### Your instructions
Exact wording is required: give all the records again, minus the pictures.

### Data under study
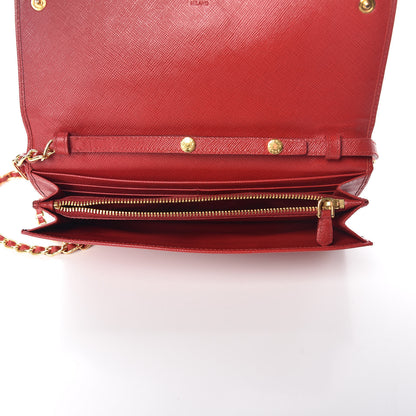 Prada Saffiano Metal Oro Chain Wallet Fuoco 5 of 13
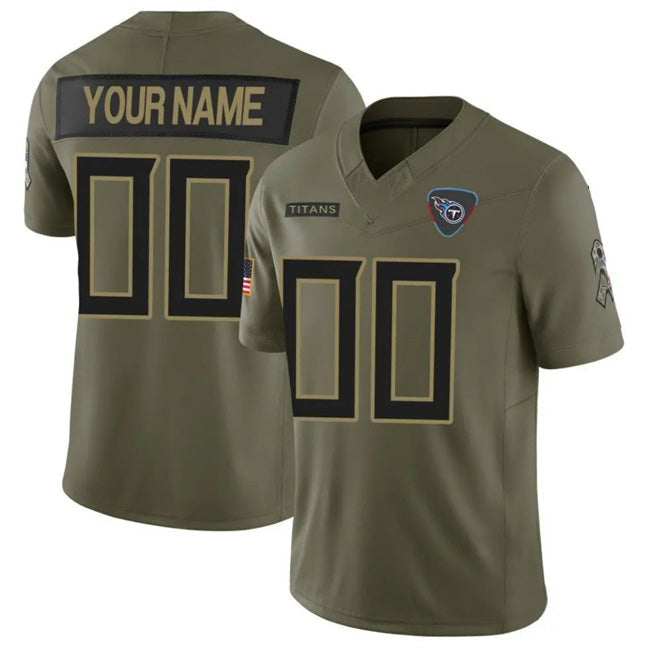 Custom T.Titans Active Player Olive 2025 F.U.S.E. Salute to Service Limited Stitched Football Jersey Marou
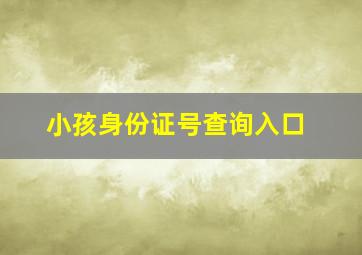 小孩身份证号查询入口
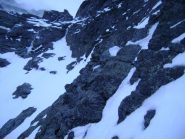 fascia rocciosa prima del ghiacciaio del Triangolo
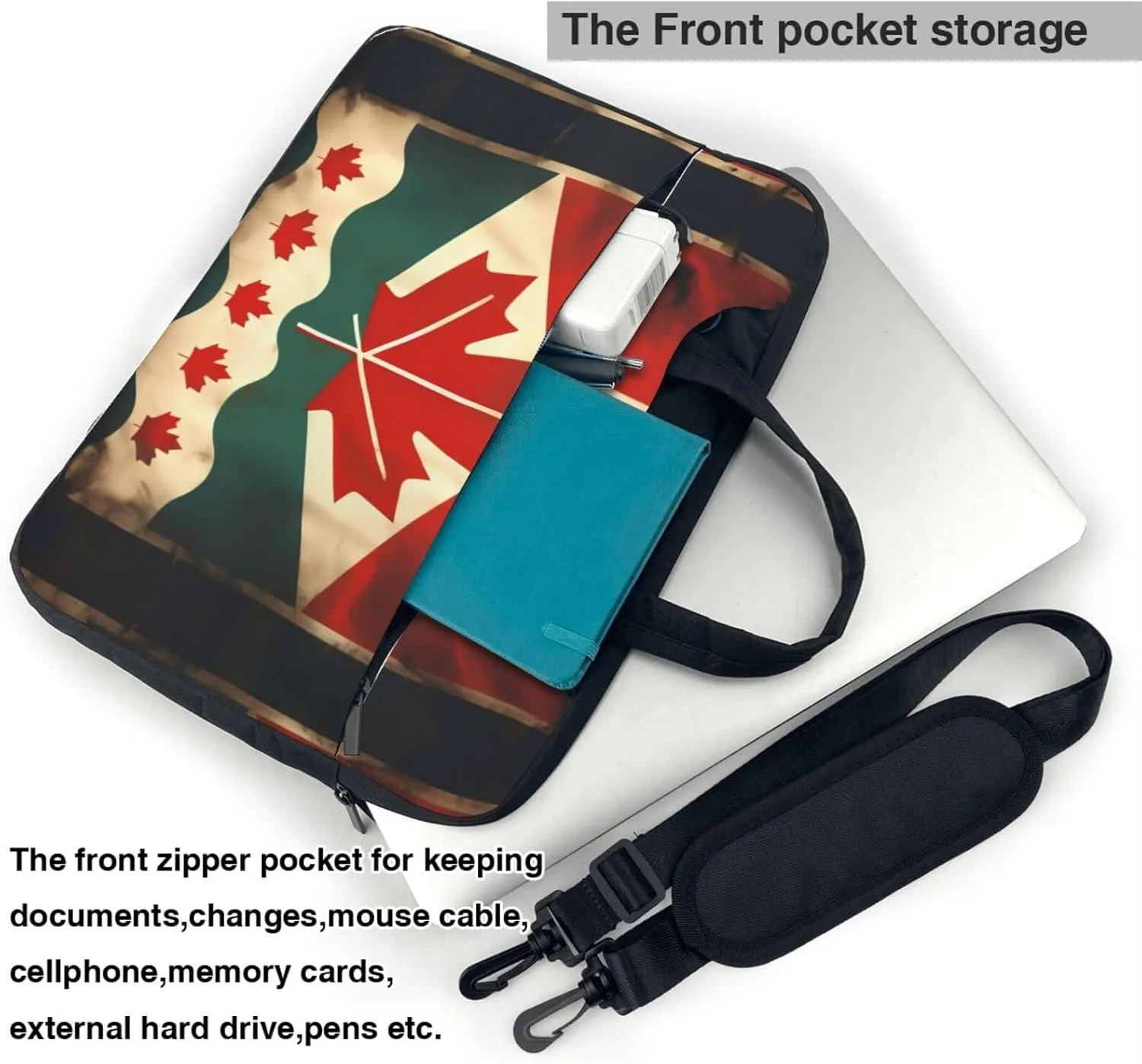 Retro Canada Flag Print Laptop Bag Laptop Case Shoulder Laptop Bag with Padded Protection Spacious Pockets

### Response to this exercise
 Prada Saffiano Metal Oro Chain Wallet Fuoco 5 of 13
 Custom T.Titans Active Player Olive 2025 F.U.S.E. Salute to Service Limited Stitched Football Jersey Marou
 小孩身份证号查询入口
 fascia rocciosa prima del ghiacciaio del Triangolo
 Retro Canada Flag Print Laptop Bag Laptop Case Shoulder Laptop Bag with Padded Protection Spacious Pockets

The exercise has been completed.